The New Testament seems to favor the derivation of matter from the
non-existent-that is to say, the time-worlds were due to the effluent
Divine Word or originative Will, rather than to being built out of God's
own invisible essence. So the best exegesis interprets Hebrews 11:3.
6. "Wisdom" in Creation:
In
Old Testament books, as the Psalms, Proverbs, and Jeremiah, the
creation is expressly declared to be the work of Wisdom-a Wisdom not
disjoined from Goodness, as is yet more fully brought out in the Book of
Job. The heavens declare the glory of God, the world manifests or
reveals Him to our experience, as taken up and interpreted by the
religious consciousness. The primary fact of the beginning of the
time-worlds-the basal fact that the worlds came into being by the Word
of God-is something apprehensible only by the power of religious faith,
as the only principle applicable to the case (Hebrews 11:3).
Such intuitive faith is really an application of first principles in
the highest-and a truly rational one (see LOGOS). In creation, God is
but expressing or acting out the conscious Godhood that is in Him. In it
the thought of His absolute Wisdom is realized by the action of His
perfect Love. It is philosophically necessary to maintain that God, as
the Absolute Being, must find the end of creation in Himself. If the end
were external to, and independent of, Him, then would He be conditioned
thereby.
7. A Free, Personal Act:
What the religious
consciousness is concerned to maintain is, the absolute freedom of God
in the production of the universe, and the fact that He is so much
greater than the universe that existence has been by Him bestowed on all
things that do exist. The Scriptures are, from first to last, shot
through with this truth. Neither Kant nor Spencer, from data of
self-consciousness or sense-perception, can rise to the conception of
creation, for they both fail to reach the idea of Divine Personality.

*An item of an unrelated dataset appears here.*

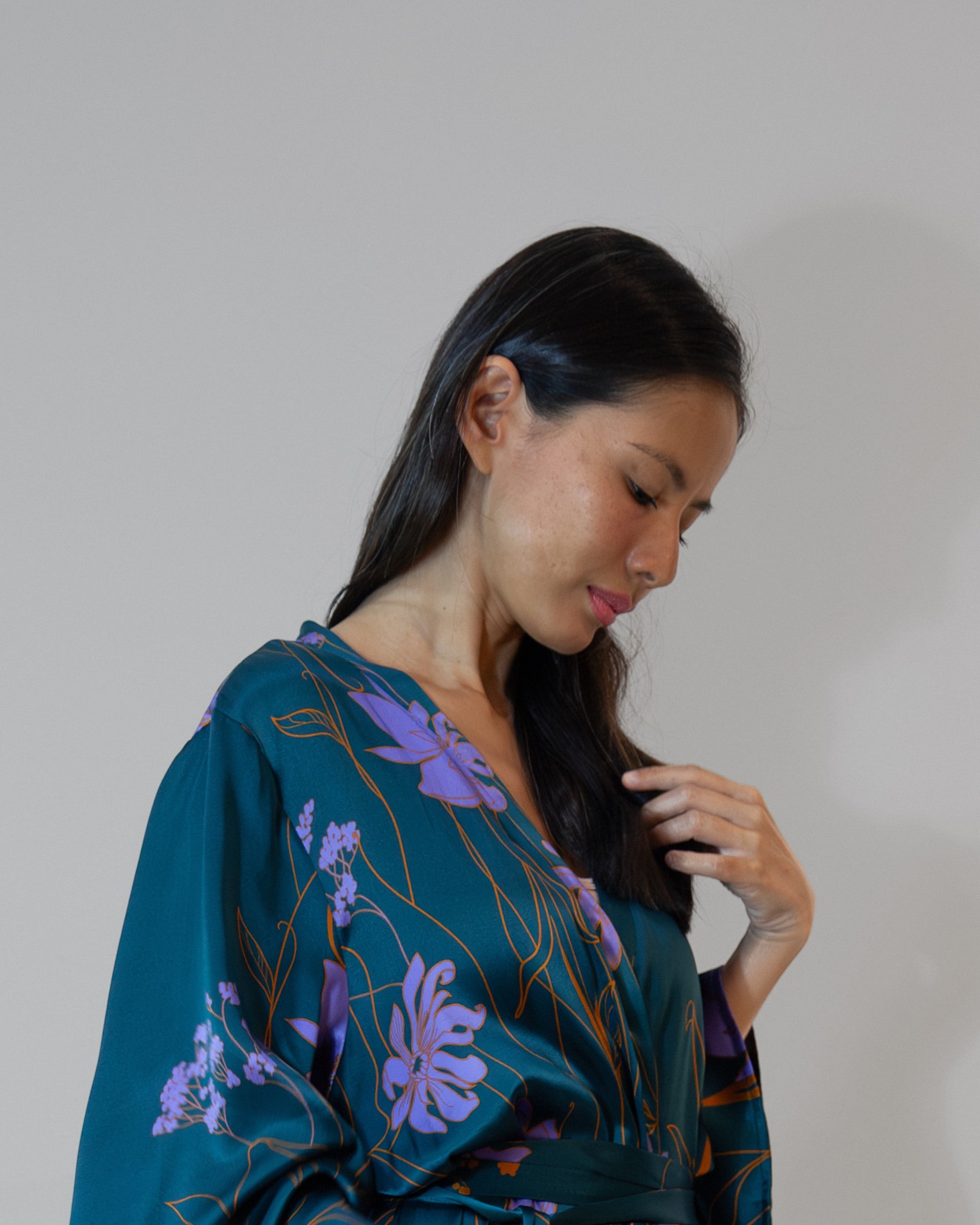 Dark emerald silk kimono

The inconceivability of creation has been pressed by Spencer, the idea
of a self-existent Creator, through whose agency it has been made, being
to him unthinkable. As if it were not a transparent sophism, which
Spencer's own scientific practice refuted, that a hypothesis may not
have philosophical or scientific valuee, because it is what we call
unthinkable or inconceivable. As if a true and sufficient cause were not
enough, or a Divine act of will were not a vera causa. Dependent
existence inevitably leads thought to demand existence that is not
dependent.
8. Creation and Evolution:
Creation is
certainly not disproved by evolution, which does not explain the origin
of the homogeneous stuff itself, and does not account for the beginning
of motion within it. Of the original creative action, lying beyond
mortal ken or human observation, science-as concerned only with the
manner of the process-is obviously in no position to speak. Creation
may, in an important sense, be said not to have taken place in time,
since time cannot be posited prior to the existence of the world. The
difficulties of the ordinary hypothesis of a creation in time can never
be surmounted, so long as we continue to make eternity mean simply
indefinitely prolonged time. Augustine was, no doubt, right when, from
the human standpoint, he declared that the world was not made in time,
but with time. Time is itself a creation simultaneous with, and
conditioned by, world-creation and movement. To say, in the ordinary
fashion, that God created in time, is apt to make time appear
independent of God, or God dependent upon time. Yet the time-forms enter
into all our psychological experience, and a concrete beginning is
unthinkable to us.
9. Is Creation Eternal?:
The
time-conditions can be transcended only by some deeper intuition than
mere logical insight can supply-by such intuitive endeavor, in fact, as
is realized in the necessary belief in the self-existent God If such an
eternal Being acts or creates, He may be said to act or create in
eternity; and it is legitimate enough, in such wise, to speak of His
creative act as eternal. This seems preferable to the position of
Origen, who speculatively assumed an eternal or unbeginning activity for
God as Creator, because the Divine Nature must be eternally
self-determined to create in order to the manifestation of its
perfections. Clearly did Aquinas perceive that we cannot affirm an
eternal creation impossible, the creative act not falling within our
categories of time and space. The question is purely one of God's free
volition, in which-and not in "nothing"-the Source of the world is
found.
10. Creation ex nihilo:
This brings us to notice
the frequently pressed objection that creation cannot be out of nothing,
since out of nothing comes nothing. This would mean that matter is
eternal. But the eternity of matter, as something other than God, means
its independence of God, and its power to limit or condition Him. We
have, of course, no direct knowledge of the origin of matter, and the
conception of its necessary self-existence is fraught with hopeless
difficulties and absurdities. The axiom, that out of nothing nothing
comes, is not contradicted in the case of creation. The universe comes
from God; it does not come from nothing. But the axiom does not really
apply to the world's creation, but only to the succession of its
phenomena. Entity does not spring from non-entity. But there is an
opposite and positive truth, that something presupposes something, in
this case rather some One-aliquis rather than aliquid.
11. From God's Will:
It
is enough to know that God has in Himself the powers and resources
adequate for creating, without being able to define the ways in which
creation is effected by Him. It is a sheer necessity of rational faith
or spiritual reason that the something which conditions the world is
neither hule, nor elemental matter, but personal Spirit or originative
Will. We have no right to suppose the world made out of nothing, and
then to identify, as Erigena did, this "nothing" with God's own essence.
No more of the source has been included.